What to make of the time before humans? What to make of the five previous extinctions, including the ones that had wiped out woolly mammoths and dinosaurs? What to make of dinosaurs and of the fact that we share a quarter of our DNA with trees? When did God make the stars and how and why? These were questions that I knew I would never find the answers to in Huntsville, but the truth is, they were questions that I would never find answers to anywhere, not answers that would satisfy me.

“It’s good to see you,” Katherine said. She drained the rest of her coffee, her third pour since arriving, and got up to go.

I walked her to the door, and the two of us stood in the frame.

Katherine took my hand. “You should keep writing. To God, to whomever. If it makes you feel better, you should keep doing it. There’s no reason not to.”

I nodded and said thank you. I waved at her as she got in her car and drove off.

52

Never again had come back again. After Katherine left I peeked in on my mother. No change. A few days before, I’d had a meeting with my advisor to discuss the possibility of graduating at the end of the quarter rather than waiting another year or more.

“What are your goals? What do you want?” he asked. I looked at him and thought, How much time do you have? I want money and a house with a pool and a partner who loves me and my own lab filled with only the most brilliant and strong women. I want a dog and a Nobel Prize and to find a cure to addiction and depression and everything else that ails us. I want everything and I want to want less.

“I’m not sure,” I said.

“I’ll tell you what, just finish the paper, submit it, and then reassess. There’s no hurry. If you start the postdoc now, if you start it next year, or the next, it really doesn’t make a ton of difference.”

My lab was frigid. I shivered, grabbed my coat from the back of my chair, and put it on. I rolled up my sleeves and started to clear off my workstation, something I should have done the last time I was there. The last time I was there, I had finally finished my experiment, answered the question. I had tested the results enough times to be as certain as was possible that we could get an animal, even that limping mouse, to restrain itself from seeking reward by altering its brain activity. When I observed the limping mouse for the final time, fitted as he was with the fiber-optic implant and patch cord, everything had looked the same. There was the lever, the little metal tube, the manna of Ensure. There was that mouse, that limp. I delivered the light and like that, like that, he stopped pressing the lever.

I left my workstation, went to my office, and sat down to write my paper, thinking about all of my mice. I should have been ecstatic to be finished, to be writing, with the hope of a new publication and graduation looming before me, but instead I felt bereft.

The demands of scientific writing are different from the demands of writing in the humanities, different from writing in my journal at night. My papers were dry and direct. They captured the facts of my experiments, but said nothing of what it had felt like to hold a mouse in my hands and feel its entire body thump against my palms as it breathed, as its heart beat. I wanted to say that too. I wanted to say, here it is, the breath of life in it. I wanted to tell someone about the huge wave of relief I felt every time I watched an addicted mouse refuse the lever.
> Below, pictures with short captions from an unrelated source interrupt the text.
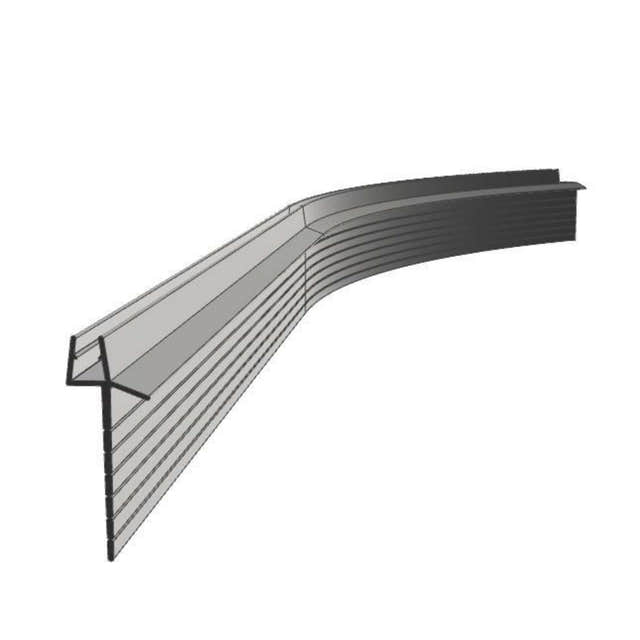 VikingBad Subbelist Liam Buet PVC H51mm Rivbar - B79cm Svart matt / Høyre VikingBad Reservedel dusj VB-009139-02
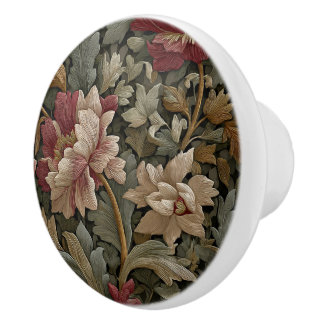 Luxury Vintage British Roses Beige Burgundy Green  Keramikknauf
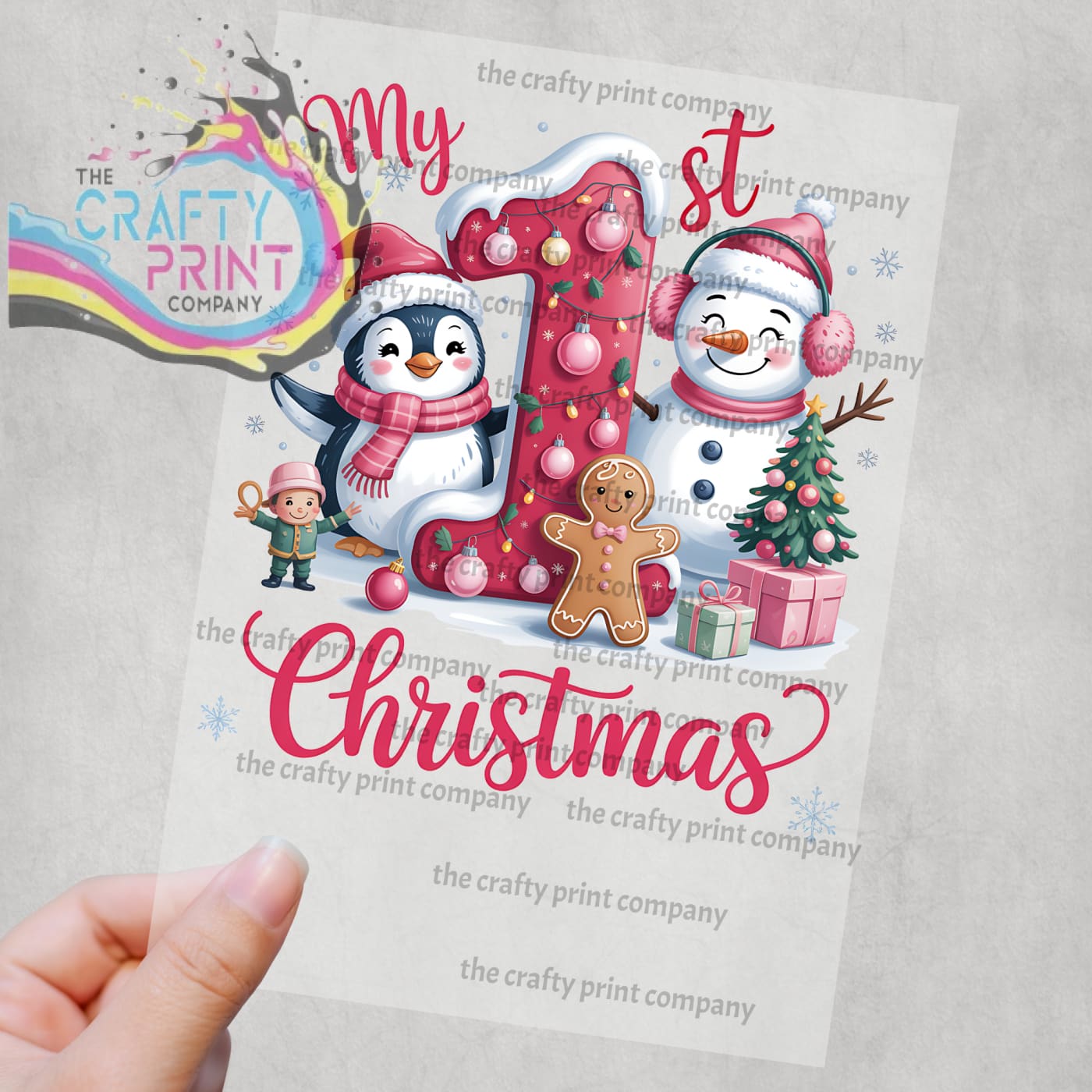 My 1st Christmas Pink DTF Print - Posters Prints & Visual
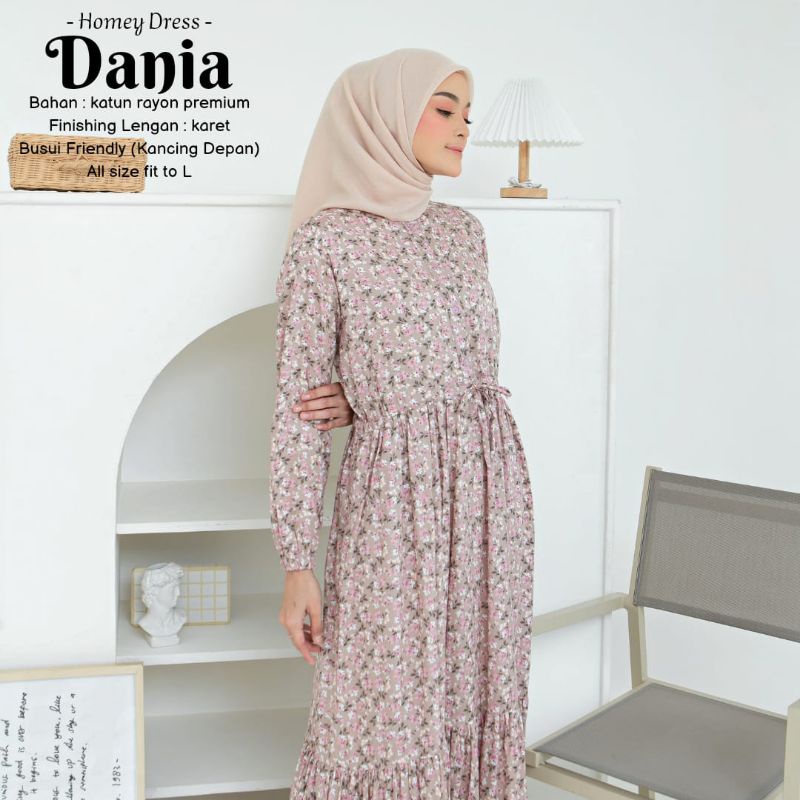 Termurah - Gamis Dewasa Jumbo Homey Dress Dania Dress Murah Motif Bahan Katun Rayon Premium Nyaman Dipakai | Bisa Cod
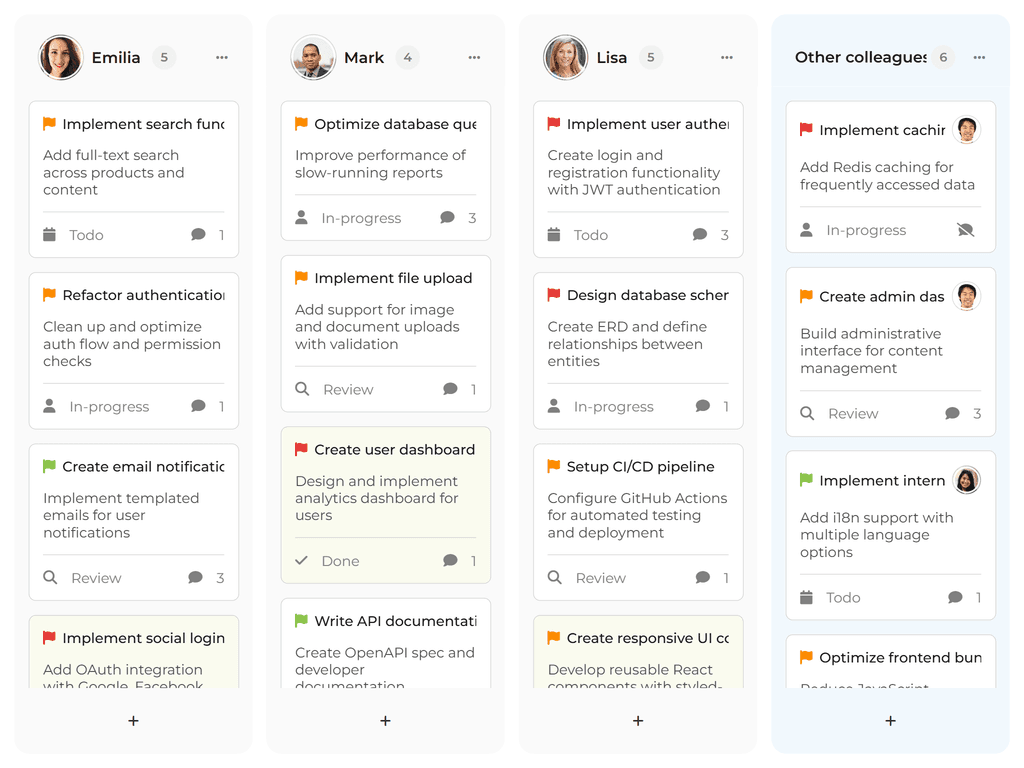 Column for non-matching tasks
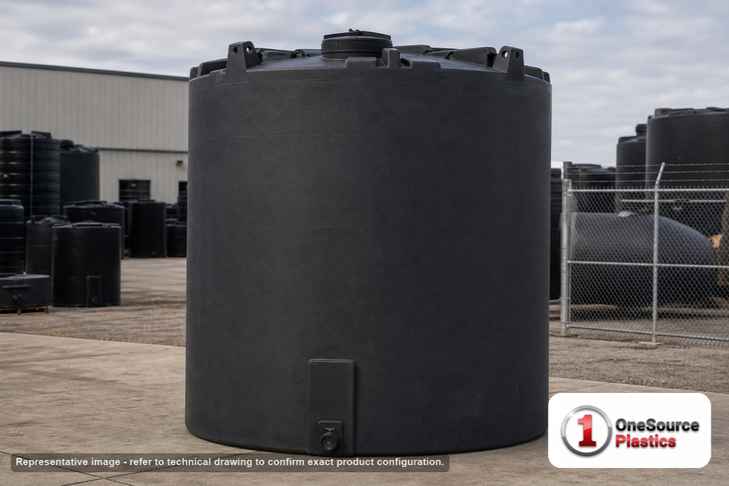 Snyder Industries 4100 Gallon ASTM Black Heavy Duty Vertical Storage Tank. Polyethylene; Black; 130" H x 102" W x 102" L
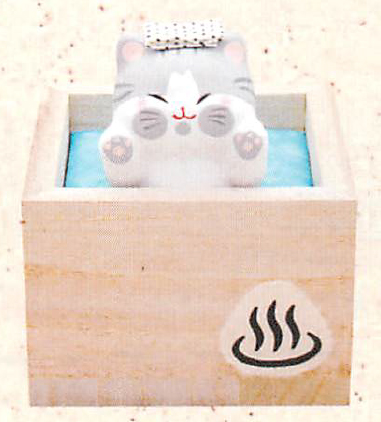 【新登場!ほっこり癒されるぺったり猫!猫雑貨です!桐枡温泉ぺったり猫】グレー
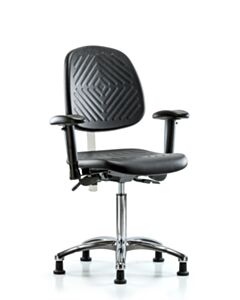 Neta ECOM Clean Room Polyurethane Medium Bench Height Chair - Medium Back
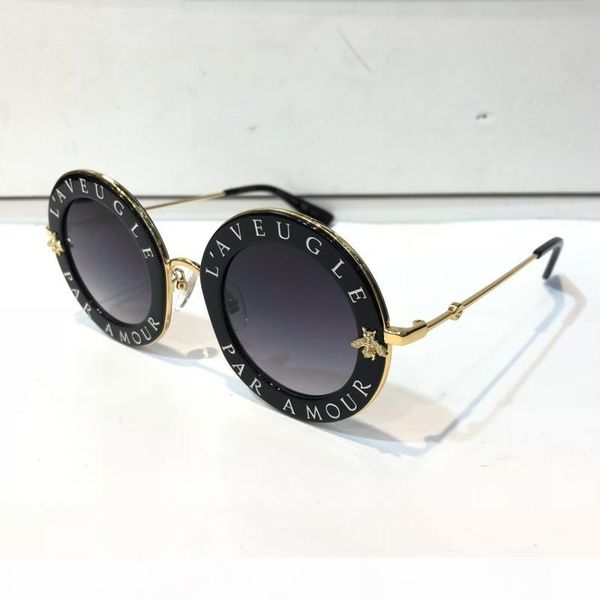 

luxury 0113s sunglasses for women fashion 0113 designer round summer style black gold frame uv protection lens come with case, White;black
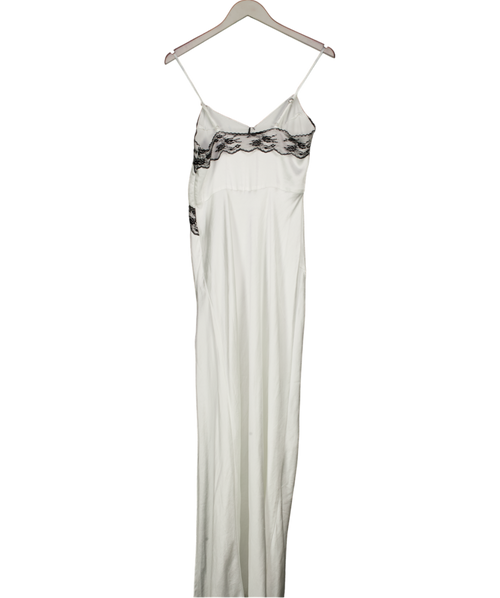 4th & Reckless Contrast Lace Detail Thigh Split Satin Cami Maxi Dress In White UK 6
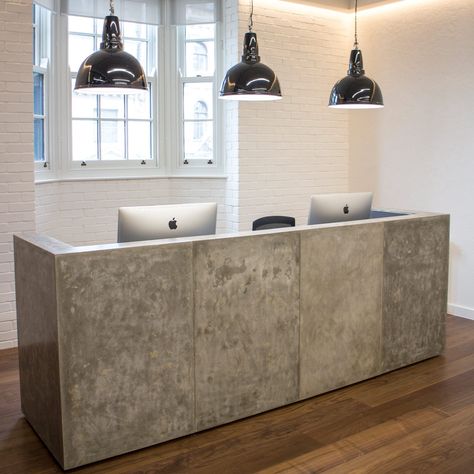 Cement Reception Desk, Reception Desk Ideas Office, Diy Reception Desk, Receptionist Desk Design, Concrete Reception Desk, Concrete Reception, Industrial Reception Desk, Industrial Reception, Concrete Desk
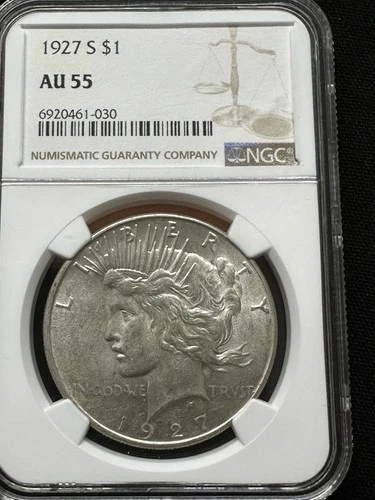 1927-S Peace Silver Dollar NGC AU55 Tough Date Nice Strike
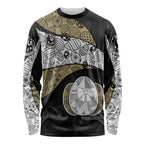 Personalized Magpie Football Long Sleeve Shirt Easter Egg Pattern Monochrome Tribal Dot Art Style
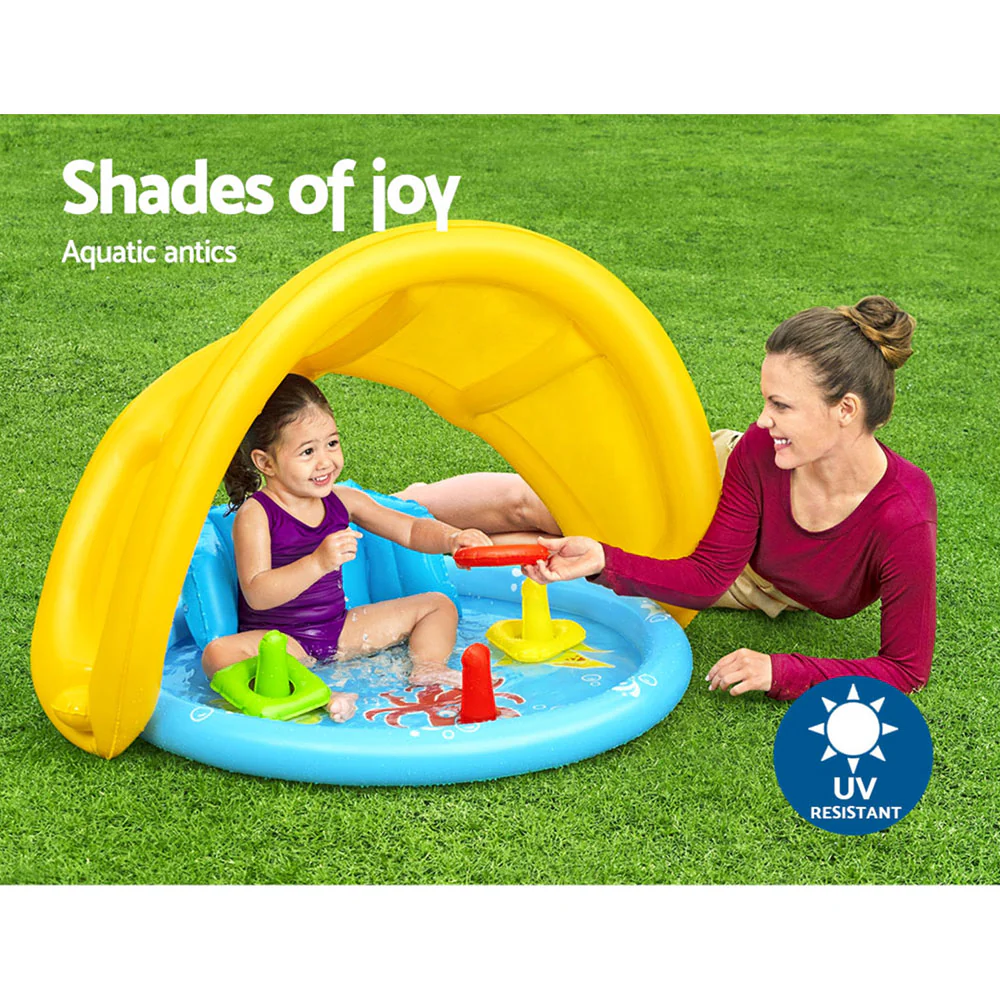 Bestway Kids Pool 115x89x76cm Inflatable Play Swimming Pools w/ Canopy 31L - Nurns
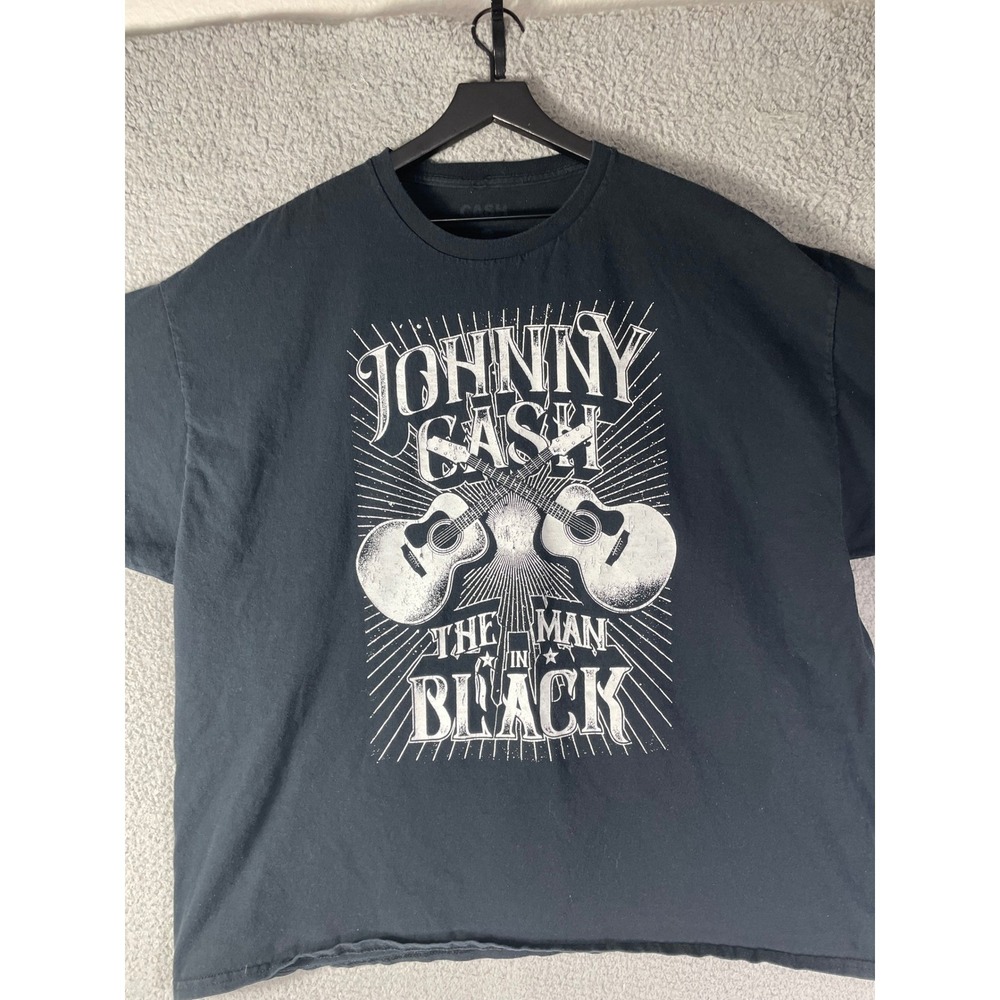 Johnny Cash‎ The Man In Black Graphic T-Shirt Mens 3XL Black Cotton Country Rock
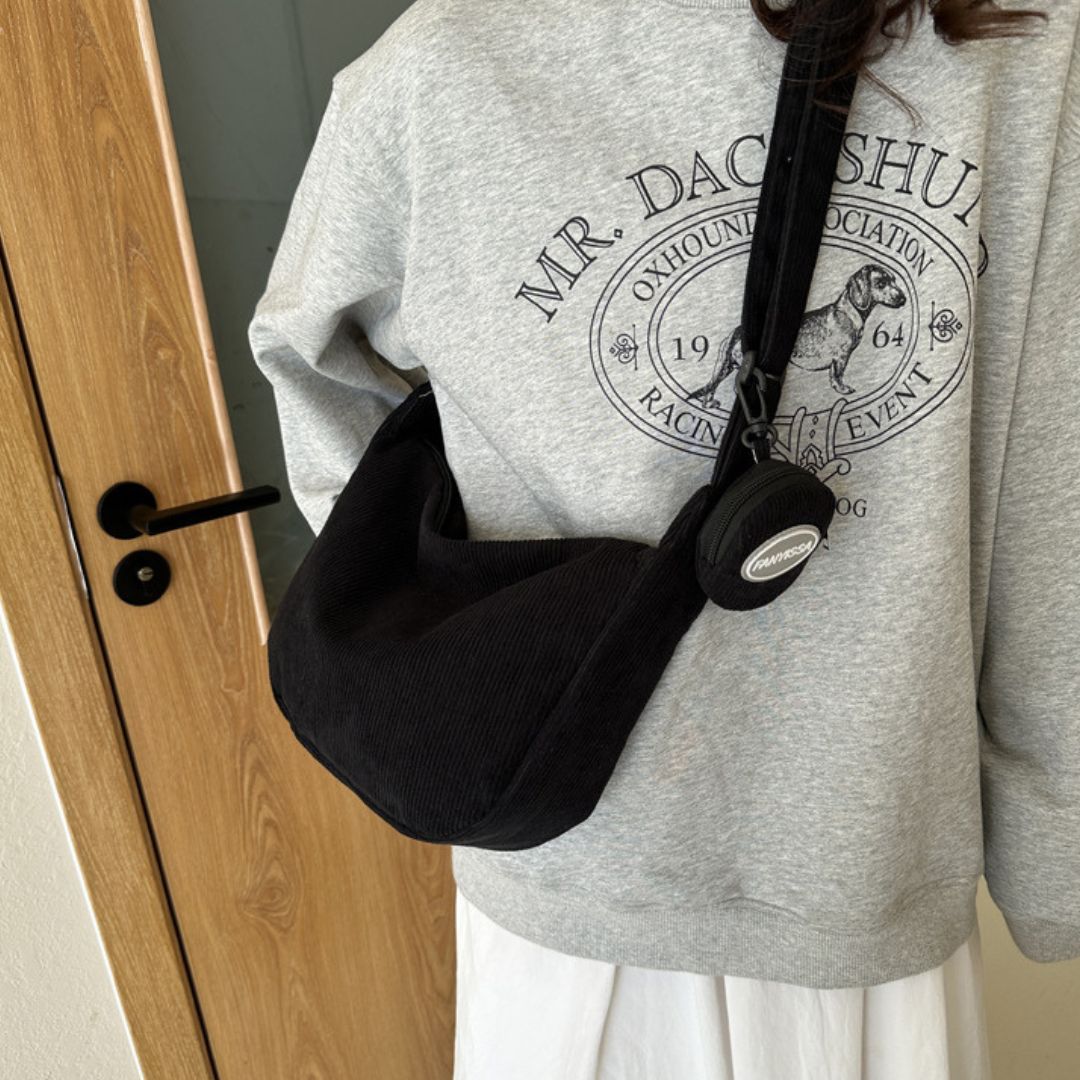 Damen Schultertasche Modernes Design Kordstoff Verstellbare Schulterriemen-6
That gesture, that refusal, that was the point of the work, the triumph of it, but there was no way to say any of that. Instead, I wrote out the step-by-step process, the order. The reliability, the stability of the work, the impulse to keep plugging, keep trying until I figured a way through, that was the skin of it for me, but the heart of it was that wave of relief, that limping mouse’s tiny, alive body, living still, and still.